Home Office: uma via de mão dupla.

Temos acompanhado as notícias sobre o COVID-19.


Confesso que dentre todos os assuntos relacionados à este tema, o comportamento das empresas e a discussão sobre home Office vem me chamando à atenção.


Como conceito, o Home Office (HO) é uma expressão inglesa que significa “escritório em casa”. Ela baseia-se pelo trabalho em ambientes domésticos onde o profissional consegue ter liberdade, conforto e flexibilidade na sua rotina de trabalho.

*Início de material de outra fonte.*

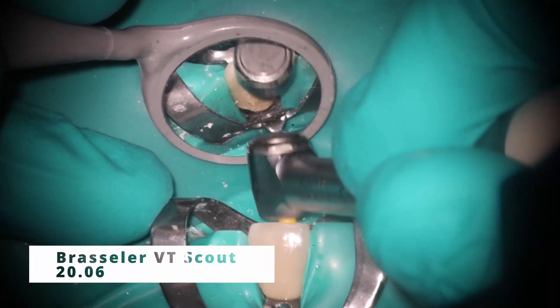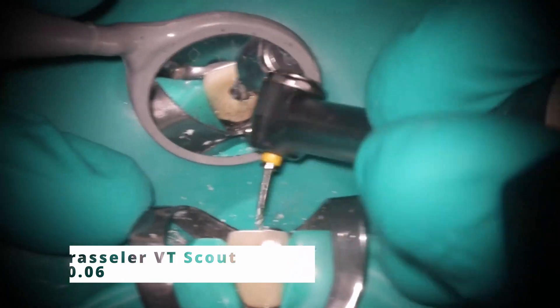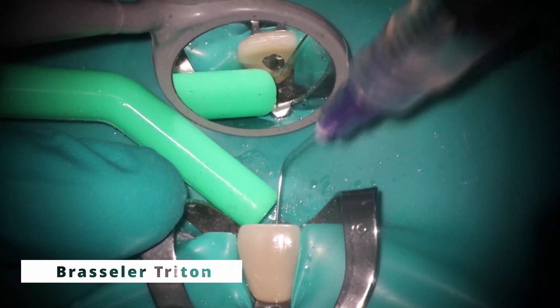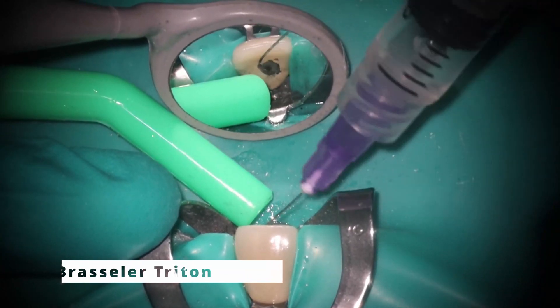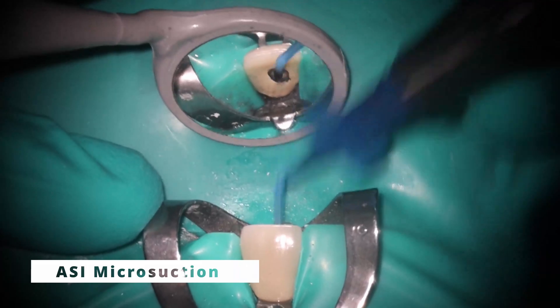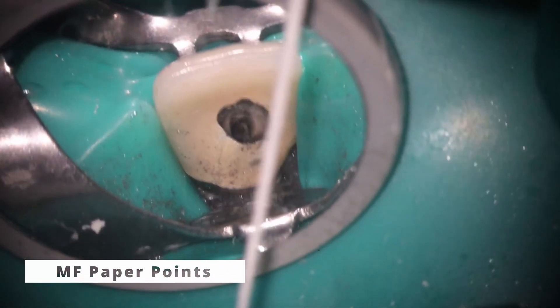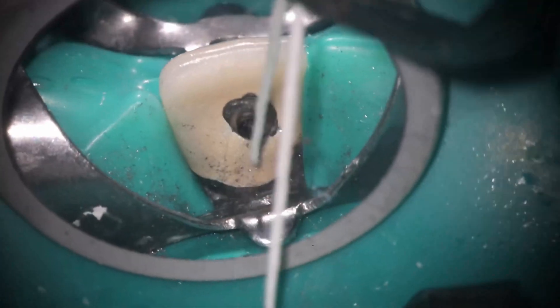After you've done this, go back in with a larger file. In this case I used my 20/06, and you can see how much brushing that does — it loosens up those pieces. Then after that, rinse thoroughly and make sure you dry it. When you go back in, you'll see with these paper points there's no more visible pulp stone, and most importantly they're coming out nice and straight.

Esse modelo de trabalho, que não é tão novo assim, é muito comum em países desenvolvidos onde as culturas da produtividade e do comprometimento não estão relacionadas somente ao espaço físico de uma organização.

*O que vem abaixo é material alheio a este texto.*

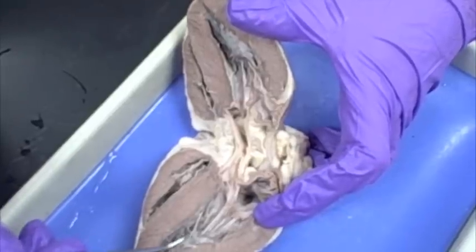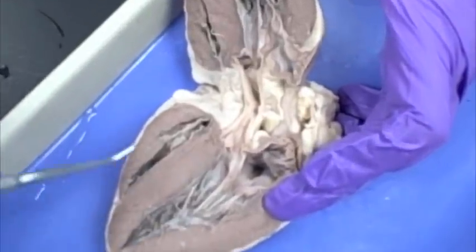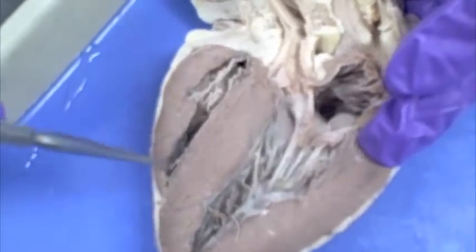This chamber here is at the bottom and it's on the left side, so this is the left ventricle. This chamber here is on the right side and it's at the bottom, so it is the right ventricle.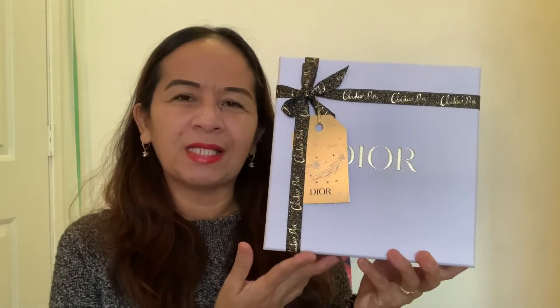If this is the content that you like, please consider subscribing to my channel and hit the notification bell so you won't miss all my updates. If you are a returning subscriber, I love to see you back — thank you for your support! In this video I will be doing an unboxing on this beautiful box coming from Dior, which is still part of my birthday gifts I got last December.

No Brasil tal de prática ainda é mais vista em multinacionais ou startups. Mesmo com suas exceções, em grande parte das empresas nacionais, o home office é um tabu ou é destinado para cargos de gestão.
Mas a pergunta é: por que ainda não conseguimos colocar em nossa cultura essa prática?


Nos diversos artigos que li e pesquisas que acompanhei sobre o assunto, os principais pontos que encontrei são:

  • A falta da cultura de indicadores de produtividade.
  • A resistência das empresas em relação à prática.
  • A legislação, porém ela já vem sendo repensada para este novo modelo de trabalho.
  • A estrutura dos cargos dentro das organizações.
  • O indivíduo.

Como via de mão dupla, o home office é um método que encanta e melhora sim os resultados da organização. Porém, melhora quando os dois lados tem uma relação saudável e se comprometem com a prática.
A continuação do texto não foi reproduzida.